The mix of incidents, drivers out of position after Lap 1 and the general track layout meant there was no room for error, and plenty of room for luck. Ironically, this year’s winners were almost identical to last year’s losers, and the other way around:
Lewis Hamilton: Thinking back to Melbourne, karma seems to have repaid the reigning World Champion as the late Safety Car helped sweep all his rivals out of the way. The Briton seemed nowhere all weekend long, struggling with tyre management and handling and having no answer for the Ferraris’ pace. He was racing a recovering Kimi Räikkōnen for P3 up until two laps from the flag when he suddenly found himself in the lead. This win puts him at the top of the Drivers’ Championship standings and this haul of points will prove valuable down the line in the race for the championship.
Sergio Pérez: Karma was working overtime this weekend. Checo’s 2017 race was virtually over when his teammate pushed him into the wall early in the race, which might have cost their team the chance to contend for victory. This year, he steered clear of the trouble and pounced at the opportunity to take the final podium spot from Sebastian Vettel. Perhaps not coincidentally, his last podium finish was at Baku in 2016 and one can’t help but wonder why a driver of his caliber isn’t considered for a top drive in this year’s silly season.

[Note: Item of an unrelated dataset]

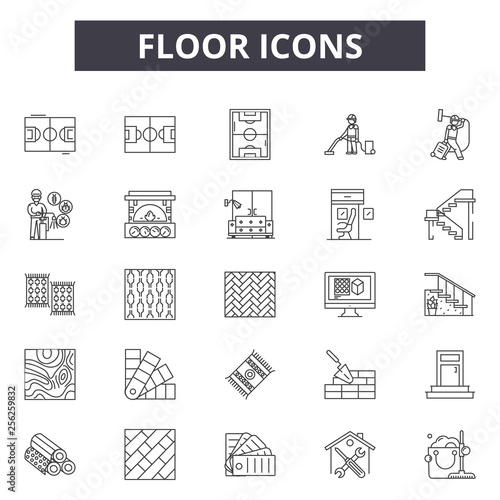 Floor icons line icons for web and mobile. Editable stroke signs. Floor icons  outline concept illustrations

Carlos Sainz: In all of Sunday’s madness, it was easy to forget that Sainz delivered one of his finest drives yet to finish P5. This came as no coincidence as he challenged and overtook both Red Bulls early on but lost out on strategy. This will certainly raise his stock value in the driver market should he be considered for a drive with one of the top teams.
Charles Leclerc (pictured): Leclerc lived up to his Formula 2 Championship winning promise in what is unquestionably the worst car on the grid. His teammate’s pace showed that this was in part down to Sauber being genuinely quick around Baku but Leclerc’s virtue was a wise drive, staying away from the carnage to take a career-best 6th and ‘Driver of the Day’, for what it’s worth.

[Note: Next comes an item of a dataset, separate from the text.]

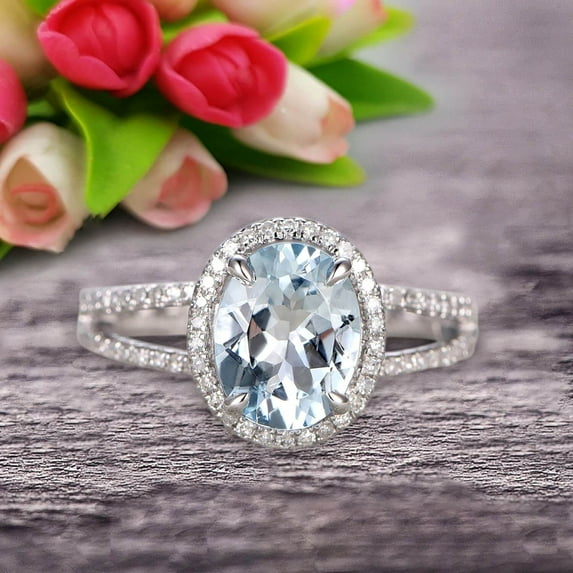 2.25 Carat 8x6mm Oval Shape Blue Gemstone With Split Shank Halo Design Aquamarine Engagement Ring Wedding Ring Anniversary Gift On 10k White Gold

Valtteri Bottas: For the third race in a row, Bottas was robbed of a well-deserved victory in the final miles. Unlike the previous two races where he lost out on track, this one was a hearbreak all across the paddock. It’s fair to blame the stewards for not having cleared the track of debris after 8 laps under Safety Car conditions, but what’s certain is that had he won, he would have been in the lead of the Drivers’ Championship table, but now he’s 30 points down from his teammate. In a season like 2018, this could make all the difference come November.
Red Bull Racing (pictured): There are few better manifestations of the phrase ‘hero to zero’. After they managed to steal a brilliant victory two weeks ago in China, the drivers once again broke the oldest rule of all: Do not run into your teammate. Red Bull’s policy of letting their drivers race has put them in hot water many times in the past, but in Baku the team failed to cool down two drivers fighting a fierce battle not just for position, but also for number-one status in the team. It was all great to watch two overtaking masters at their craft but the battle was so heated that it was an accident just waiting to happen. Max Verstappen, Daniel Ricciardo and the Red Bull pit wall have only themselves to blame.
Romain Grosjean: Heartbreak after heartbreak. Haas clearly had the pace to haul a good amount of points back from Baku, and they stumbled over themselves. Grosjean weeping behind his car on Sunday was a solid low point from which a recovery drive back to P6 would have been another great result for the Frenchman, but he lost it all heating his rear tyres behind the Safety Car when he crashed into the wall. It was a bizarre mistake for a man of his experience. He was right to throw his gloves like he did, and he has nobody else to blame.